For transactions of around $20 or more, the least expensive for the retailer is usually a debit card transaction where the customer enters in his or her pin number, as opposed to a credit card transaction requiring a signature. For sales under $20, how the transaction is processed "doesn't matter," said Changing Hands Bookstore co-owner Bob Sommer. This threshold may be different for each store based on their transaction percentage rate, but will generally be in the $15 to $25 range.
Since debit card transactions are generally less expensive, both Sommer and Barnard said that their staffs are trained to encourage customers to use their pin numbers if at all possible. "We ask, 'Will you be paying with debit?'" Sommer noted. Most customers generally don't mind either way, but if they prefer to sign for a transaction, the staff is instructed to do as the customer wishes.
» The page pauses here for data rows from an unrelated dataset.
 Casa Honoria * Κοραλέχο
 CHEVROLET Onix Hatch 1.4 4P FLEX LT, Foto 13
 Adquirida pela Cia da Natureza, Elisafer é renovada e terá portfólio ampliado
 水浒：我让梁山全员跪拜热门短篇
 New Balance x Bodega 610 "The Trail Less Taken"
"You must train frontline staff to ask the question based on knowing where that [threshold] point is," Barnard stated. "They should look at the card and [if it's a debit card], ask the customer can we treat this as a debit. People are good about it. Some don't want to, and you can't do anything about it. But if you never ask the question ..."
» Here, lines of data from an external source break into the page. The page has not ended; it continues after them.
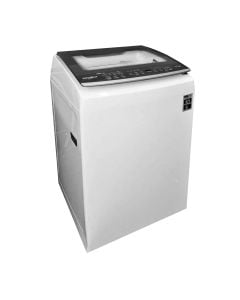 Whirlpool 17 kg Top Load Automatic Washer White WW17BBAHWW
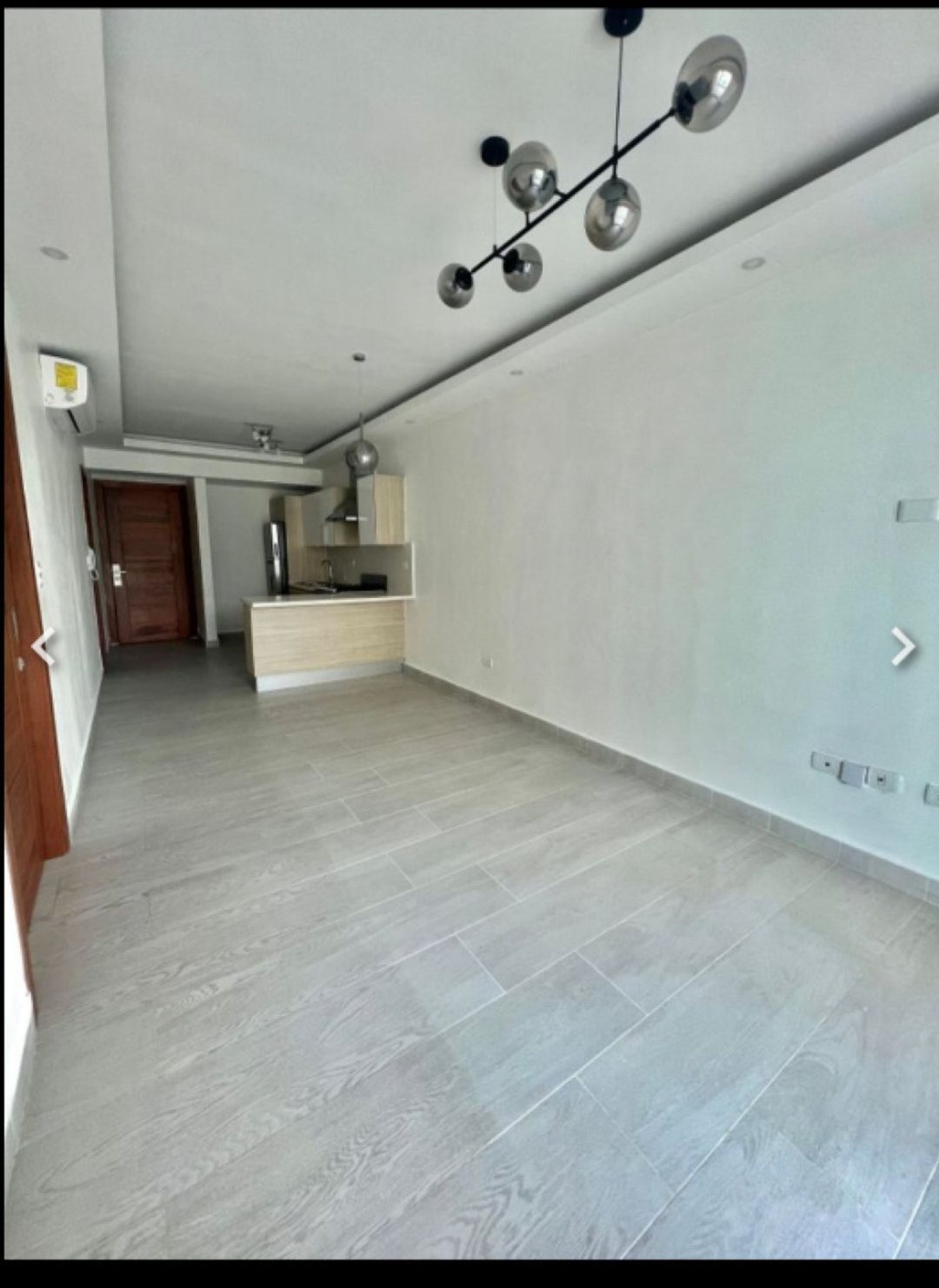 Apartamento en La Julia, foto 2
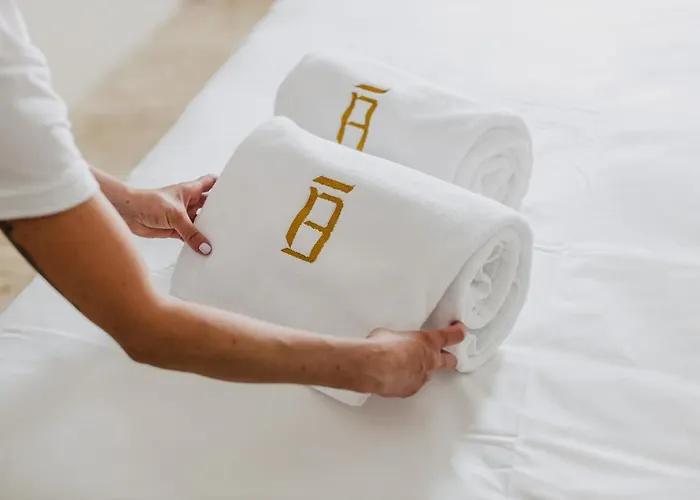 בית הארחה Bayit Charming Place פולינאנו א מארה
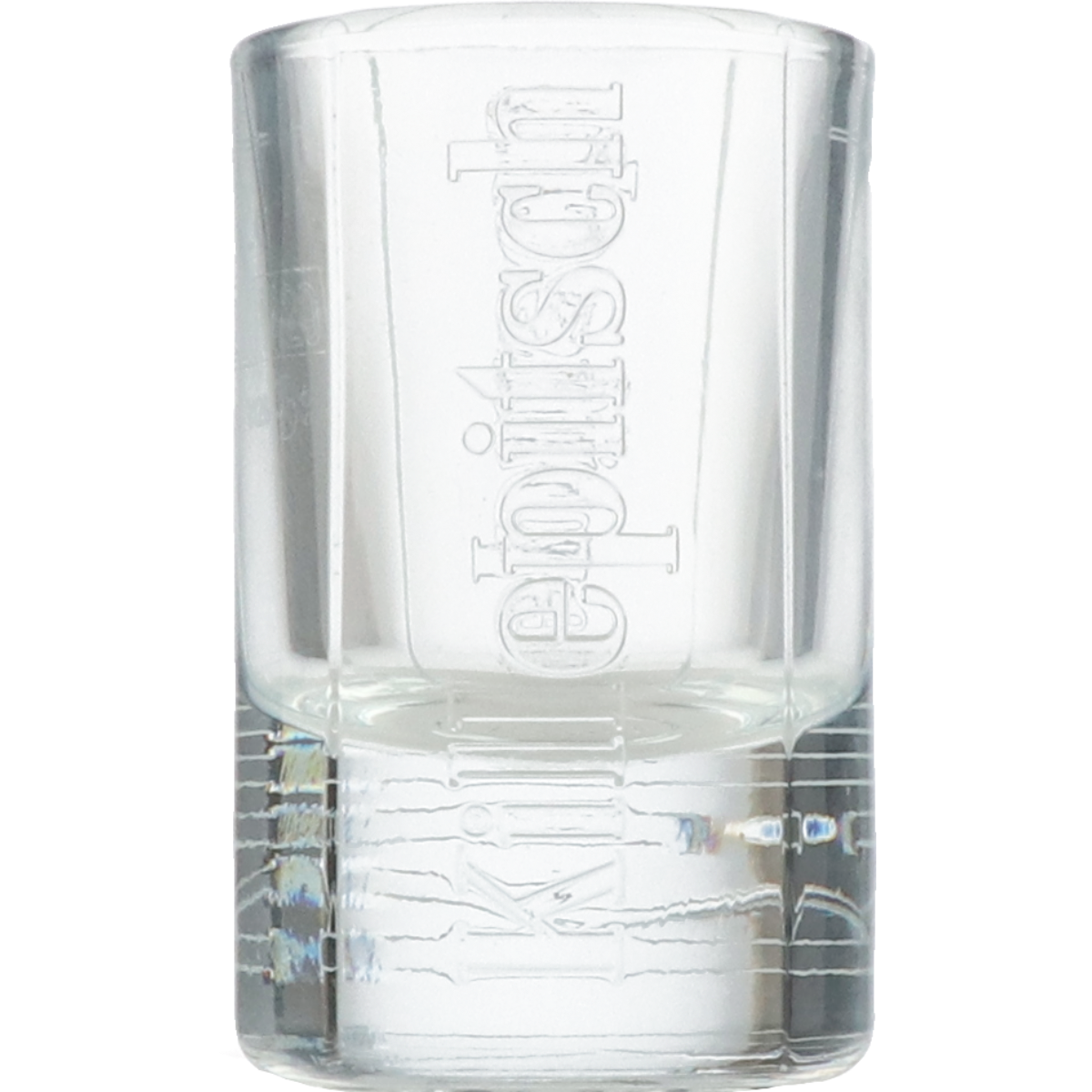 Killepitsch Shotglas Helder 2 cl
Over the long haul, prompting customers to use pin numbers can save a bookstore a significant amount of money. "At say $100, a signature transaction might cost me between $2 and $2.50," Barnard said. "But it's $0.40 to $0.70 if I treat it as a debit."
Sommer said he has heard of retailers providing discounts for cash purchases, although that is not a Changing Hands policy.
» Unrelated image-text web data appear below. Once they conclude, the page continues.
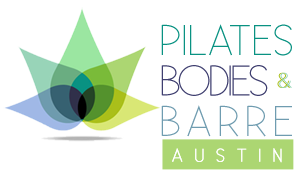 Pilates Bodies & Barre logo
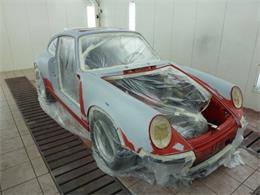 1986 Porsche 911 (CC-2069583) for sale in Charlotte, North Carolina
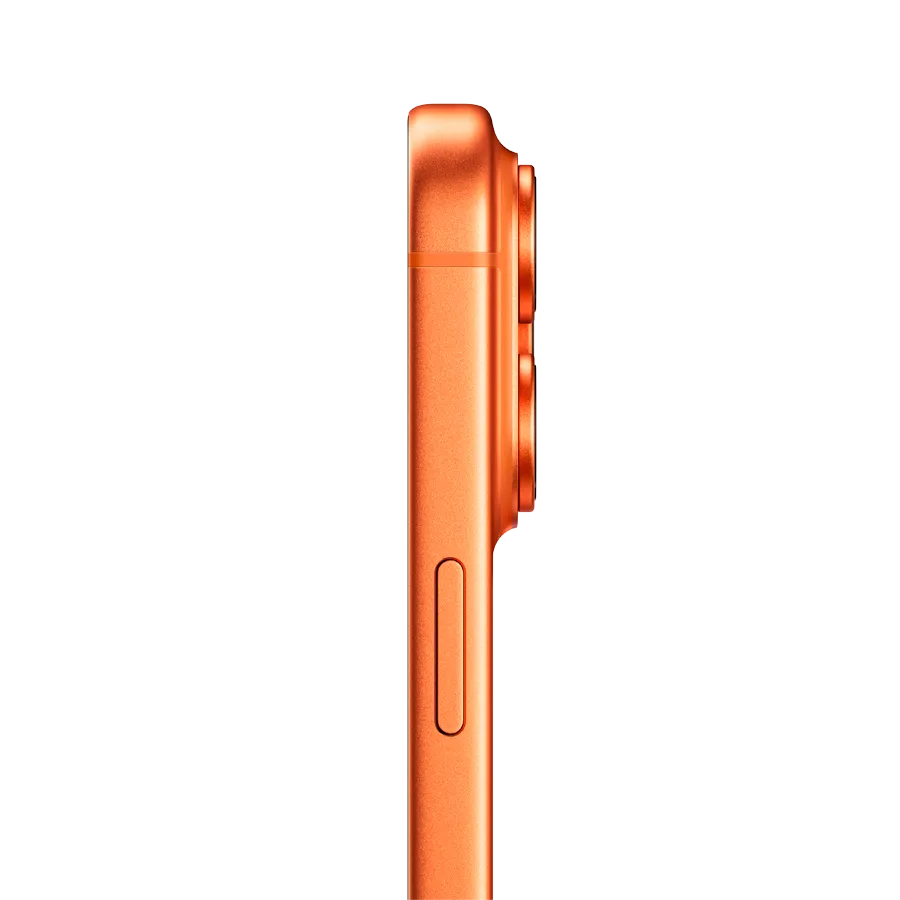 iPhone 17 Pro 256GB Cosmic Orange,Model A3523 — фото 4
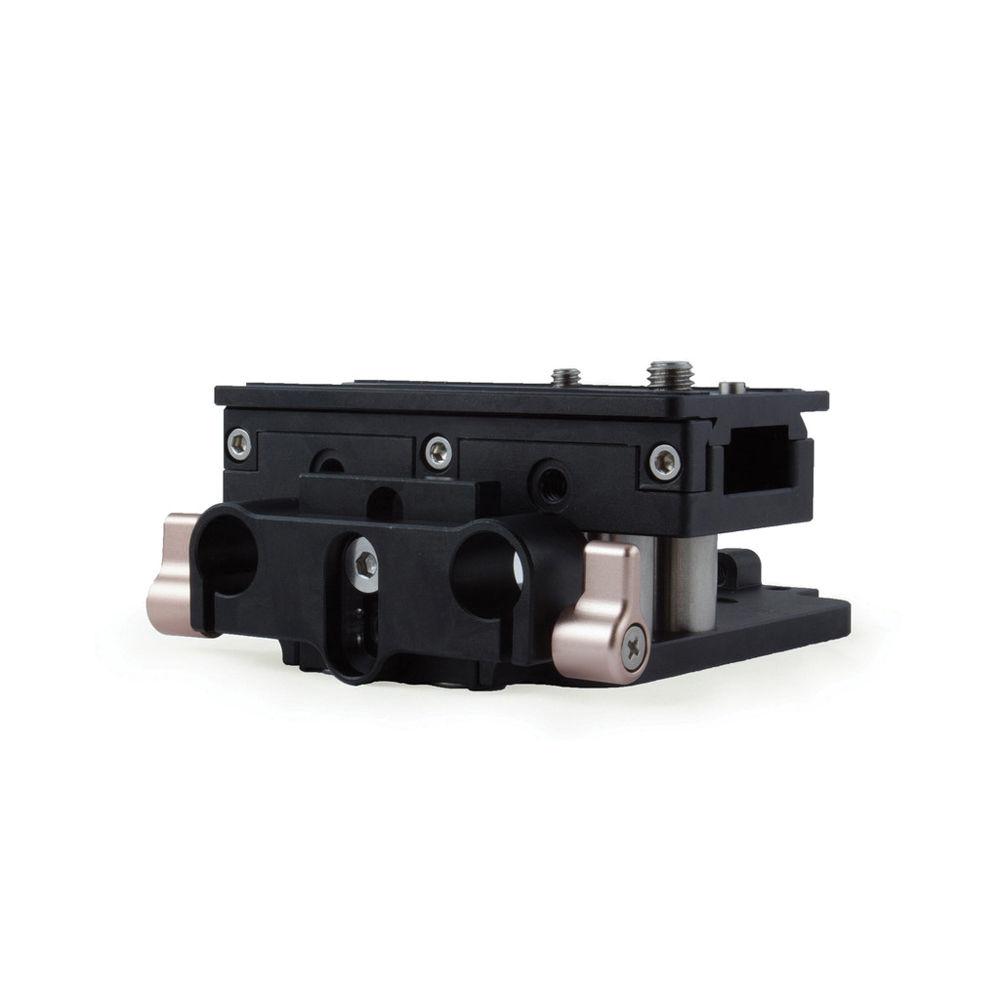 Genustech Gen X Plate Camera Base Plate Package 1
Another way to cut costs is to find a processor offering better rates. Since banks charge different transaction fees, both Sommer and Barnard recommended that booksellers seek bids from different companies and a re-bid from the company they currently use. "If you tell your bank you're going somewhere else," chances are they will try to keep your business, Barnard said.
And finally, a merchant can simply choose not to accept more expensive cards such as American Express and Discover. However, because of the "honor all cards" agreement that merchants must sign, a store cannot refuse a specific MasterCard or Visa simply because it is a rewards card or is not a debit check card. "You can't pick and choose," said Barnard. "Failure to [honor all cards] will get your credit card [merchant status] revoked."
Credit Card Hardware
When it comes to the kind of terminals a bookstore uses, Barnard stressed that booksellers should educate themselves on the hardware they need to minimize costs, and the hardware they do not need. "Some retailers think they need to get a pin pad for debit card purchases," Barnard explained. "But we just take the credit card terminal and turn it around [to face the customer] and let them key in their pin number."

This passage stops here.